What's next? Waltz takes on the role of art plagiarist Walter Keane alongside Amy Adams in Tim Burton’s Big Eyes, which tells the stranger than fiction tale in which Walter took credit for his wife Margaret’s paintings and fooled the art world for many years.
On working with Tim Burton: ‘It's his very personal view that makes him so interesting to work with. He has a very specific perspective on life on Earth. Which is wonderful to tap in to. Some of my favourite movies are made by him. I like Big Fish.’

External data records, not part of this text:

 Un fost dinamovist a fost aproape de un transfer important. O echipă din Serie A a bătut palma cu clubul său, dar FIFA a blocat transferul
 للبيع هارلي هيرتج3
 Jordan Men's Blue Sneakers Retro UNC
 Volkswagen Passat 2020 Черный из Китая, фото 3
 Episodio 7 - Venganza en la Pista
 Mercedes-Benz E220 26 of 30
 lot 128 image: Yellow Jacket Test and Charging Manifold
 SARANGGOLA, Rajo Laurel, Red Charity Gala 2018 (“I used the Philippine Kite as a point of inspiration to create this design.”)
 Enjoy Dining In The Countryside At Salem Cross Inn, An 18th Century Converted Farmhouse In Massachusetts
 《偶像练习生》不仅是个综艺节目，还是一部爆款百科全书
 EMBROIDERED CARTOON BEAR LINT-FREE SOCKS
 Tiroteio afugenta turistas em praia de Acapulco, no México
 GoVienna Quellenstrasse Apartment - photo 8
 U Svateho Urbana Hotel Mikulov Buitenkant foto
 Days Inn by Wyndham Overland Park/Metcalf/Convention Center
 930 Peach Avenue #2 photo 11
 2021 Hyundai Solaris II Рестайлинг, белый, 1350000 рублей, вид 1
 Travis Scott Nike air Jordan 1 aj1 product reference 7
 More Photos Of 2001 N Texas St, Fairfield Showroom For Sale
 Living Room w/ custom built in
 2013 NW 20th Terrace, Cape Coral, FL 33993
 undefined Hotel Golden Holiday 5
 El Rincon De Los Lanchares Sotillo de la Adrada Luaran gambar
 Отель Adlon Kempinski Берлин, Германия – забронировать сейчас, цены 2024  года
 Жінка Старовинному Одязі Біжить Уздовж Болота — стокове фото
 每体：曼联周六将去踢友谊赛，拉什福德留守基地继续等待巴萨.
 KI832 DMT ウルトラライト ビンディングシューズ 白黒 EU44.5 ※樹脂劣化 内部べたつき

On his preparation for the role of Walter Keane: ‘[Keane] did write an autobiography which is not really useful as it's hugely exaggerated to make a very decisive point about taking revenge and clearing his name. It's delusional rambling. The script provides enough interesting leads to follow and look into.’
On his criteria for choosing a role: ‘It's like a very detailed concoction, you brew that up and all the ingredients have to be right for me to swallow. Of course it's the story most importantly and then the character but equally important would be the filmmaker, the other actors, the greater context, how it fits into my life, how it fits into what I perceive is important to tell.’
On critics: ‘I concur with the art critic in the movie who explains why critics are important, yet they might be important for other reasons they believe they are. To offer different perspectives and put the art that is being criticised in different context. Not really to pass judgement, because thank you very much I'll either do it myself or in my case make a great effort not to do it myself. Passing judgement will finish the thing, it will finish the discourse, and the beauty of art is that it's not finished, it continues through being perceived and since the means of perception change all the time there's a dynamic to be experienced.’
On how he felt when he won his first Oscar: ‘Have you ever experienced something that came out like a lightning flash of blue skies? It doesn't always have to be a positive experience. An accident happens like that. When it happens your cognitive apparatus is not tuned into that, so the figure of speech "I can't believe it" is literally true. When it happens you can't believe it. I'm not quick enough to switch the whole system off, so it all sinks in afterwards. So I can't really tell you about the actual experience other than the blank.’
Big Eyes is on general release from Fri 26 December.